Laboratory for Medical Science Mathematics, RIKEN Center for Integrative Medical Sciences, Yokohama, Japan.
Sci Rep. 2013;3:2161. doi: 10.1038/srep02161.
The recent development of massively parallel sequencing technology has allowed the creation of comprehensive catalogs of genetic variation. However, due to the relatively high sequencing error rate for short read sequence data, sophisticated analysis methods are required to obtain high-quality variant calls. Here, we developed a probabilistic multinomial method for the detection of single nucleotide variants (SNVs) as well as short insertions and deletions (indels) in whole genome sequencing (WGS) and whole exome sequencing (WES) data for single sample calling. Evaluation with DNA genotyping arrays revealed a concordance rate of 99.98% for WGS calls and 99.99% for WES calls. Sanger sequencing of the discordant calls determined the false positive and false negative rates for the WGS (0.0068% and 0.17%) and WES (0.0036% and 0.0084%) datasets. Furthermore, short indels were identified with high accuracy (WGS: 94.7%, WES: 97.3%). We believe our method can contribute to the greater understanding of human diseases.
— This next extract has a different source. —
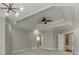 Spacious bedroom featuring decorative ceiling, carpet, and opens to Primary bathroom at 4296 Alba Ln, Buford, GA 30519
最近,高通量测序技术的发展使得创建全面的遗传变异目录成为可能。然而,由于短读序列数据的测序错误率相对较高,因此需要复杂的分析方法来获得高质量的变异呼叫。在这里,我们开发了一种用于检测全基因组测序(WGS)和全外显子组测序(WES)数据中单样本调用中单核苷酸变异(SNVs)以及短插入和缺失(indels)的概率多项式方法。使用 DNA 基因分型阵列进行评估,WGS 调用的一致性率为 99.98%,WES 调用的一致性率为 99.99%。对不一致调用的 Sanger 测序确定了 WGS(0.0068%和0.17%)和 WES(0.0036%和0.0084%)数据集的假阳性和假阴性率。此外,短插入缺失也被准确识别(WGS:94.7%,WES:97.3%)。我们相信,我们的方法可以帮助更好地理解人类疾病。